The very first sound we hear in the Coen Brothers’ latest movie Burn After Reading is a distressed ship’s alarm lifted from Stanley Kubrick’s 2001: A Space Odyssey. So, I had that “here we go again” feeling even before the main titles.
The Coens have been obsessed with Kubrick’s work and have littered their films with references to his oeuvre, large and small. Fans of their work have even made a game of looking for references to “Purity of Essence” from Kubrick’s Dr. Strangelove in each new film. I didn’t spot one here, but Brad Pitt’s constant efforts to re-hydrate himself make me confident it is floating around somewhere. Comparing Burn After Reading to Dr. Strangelove is actually a revealing way to gauge its successes and failures.
Dr. Strangelove makes over-the-top performances the rule as does Burn After Reading. But while Sterling Hayden and George C. Scott used the approach to create bigger than life cartoons, George Clooney and Brad Pitt clank away a few notes lower on the keyboard. Clooney is playing a parody of his playboy persona but rarely transcends simple parody, although the scene where he reveals his new sexual invention is hilarious.
Brad Pitt flails for a comic tone, any comic tone. His mannered line deliveries sound too much like a very smart actor trying to sound very moronic. His big swooping body gestures always land just south of their intended funny destinations. At one point, he is shown exaggeratedly tossing a medicine ball for an eternity, as if duration breeds hilarity. When Pitt is funny – and he is funny at times – it is due to the small details like how he squints his eyes.
Dr.
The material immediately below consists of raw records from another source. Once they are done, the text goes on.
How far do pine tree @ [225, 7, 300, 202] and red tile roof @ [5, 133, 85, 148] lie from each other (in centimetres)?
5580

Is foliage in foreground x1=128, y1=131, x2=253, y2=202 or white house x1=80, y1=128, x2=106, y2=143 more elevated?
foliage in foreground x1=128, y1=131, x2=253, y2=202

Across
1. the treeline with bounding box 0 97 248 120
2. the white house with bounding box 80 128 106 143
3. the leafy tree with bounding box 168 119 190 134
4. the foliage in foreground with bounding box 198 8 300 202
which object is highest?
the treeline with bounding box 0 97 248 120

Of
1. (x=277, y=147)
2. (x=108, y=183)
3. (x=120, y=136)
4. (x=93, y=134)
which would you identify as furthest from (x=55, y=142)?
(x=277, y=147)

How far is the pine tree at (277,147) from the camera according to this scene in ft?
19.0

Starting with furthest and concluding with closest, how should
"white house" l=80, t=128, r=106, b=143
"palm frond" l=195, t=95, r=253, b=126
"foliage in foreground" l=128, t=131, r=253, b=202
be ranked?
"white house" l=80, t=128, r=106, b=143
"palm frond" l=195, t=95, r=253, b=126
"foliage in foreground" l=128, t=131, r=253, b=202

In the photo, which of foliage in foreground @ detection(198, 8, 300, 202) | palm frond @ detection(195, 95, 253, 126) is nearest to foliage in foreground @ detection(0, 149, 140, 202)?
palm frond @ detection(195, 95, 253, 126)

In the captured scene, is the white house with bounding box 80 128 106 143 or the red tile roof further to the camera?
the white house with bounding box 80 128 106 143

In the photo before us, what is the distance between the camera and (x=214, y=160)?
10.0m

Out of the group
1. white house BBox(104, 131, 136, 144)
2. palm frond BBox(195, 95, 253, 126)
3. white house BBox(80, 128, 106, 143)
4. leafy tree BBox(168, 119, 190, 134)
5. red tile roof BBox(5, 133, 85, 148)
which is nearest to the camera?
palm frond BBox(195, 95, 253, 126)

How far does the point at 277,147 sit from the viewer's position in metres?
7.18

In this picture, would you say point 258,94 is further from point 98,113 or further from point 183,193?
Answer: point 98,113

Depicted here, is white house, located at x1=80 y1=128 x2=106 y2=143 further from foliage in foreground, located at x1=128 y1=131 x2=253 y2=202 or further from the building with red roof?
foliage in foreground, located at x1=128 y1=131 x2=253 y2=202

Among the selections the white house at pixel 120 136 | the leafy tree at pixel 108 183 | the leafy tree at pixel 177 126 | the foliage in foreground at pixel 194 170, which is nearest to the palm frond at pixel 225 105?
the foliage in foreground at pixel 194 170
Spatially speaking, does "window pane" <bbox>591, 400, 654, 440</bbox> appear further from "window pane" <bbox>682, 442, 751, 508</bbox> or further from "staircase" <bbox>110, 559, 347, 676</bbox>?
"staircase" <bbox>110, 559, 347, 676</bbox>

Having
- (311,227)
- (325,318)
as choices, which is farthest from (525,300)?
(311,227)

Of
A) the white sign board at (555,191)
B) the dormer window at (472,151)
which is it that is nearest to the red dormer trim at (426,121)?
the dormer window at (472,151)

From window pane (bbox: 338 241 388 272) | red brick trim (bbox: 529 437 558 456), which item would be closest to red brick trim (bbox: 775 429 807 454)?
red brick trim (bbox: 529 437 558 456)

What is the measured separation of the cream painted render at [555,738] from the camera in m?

Strangelove is meticulously structured as is Burn After Reading. This is the former’s chief strength as it scene-by-scene develops its terrifying internal logic. What’s at stake in the latter film though is far less urgent than nuclear destruction – unless the need for tummy tucks has jumped in the polls lately – and the scenes develop, if anything, confusion rather than logic. Maybe that was intended.
The funniest line in the movie is uttered by a CIA superior (J.K Simmons): "Just keep an eye on them until… I don't know, until it starts making sense." The audience roars because the line relates so closely to its own quandary. They think, “It’s okay. I’m supposed to be lost, just like the CIA.”
Still, weighing everything, I have to admit it all worked in some crazy sort of way. There were laughs, big laughs; the kind of laughs with aftershocks. The second funniest line – also spoken by the priceless J.K. Simmons (he was the dad in Juno) – brings new meaning to the “Burn” of the title. And the film added plenty of memorable new pictures to my mind’s gallery, the final images of Brad Pitt being my favorites.
Burn After Reading also achieves its own thematic clarity. It is ultimately about people struggling to change and re-define themselves and how the world conspires to make change difficult if not impossible. Paradoxically, people content in their ways are forced to change, or else. There is something both funny and sad about Clooney’s final scene with his prized invention.
More than anything though, I enjoyed Burn After Reading for how it reminded me of the Coens' debut Blood Simple. Both are filled with characters that barely have all their marbles secured in a bag. One glimpse of blood and they go positively simple.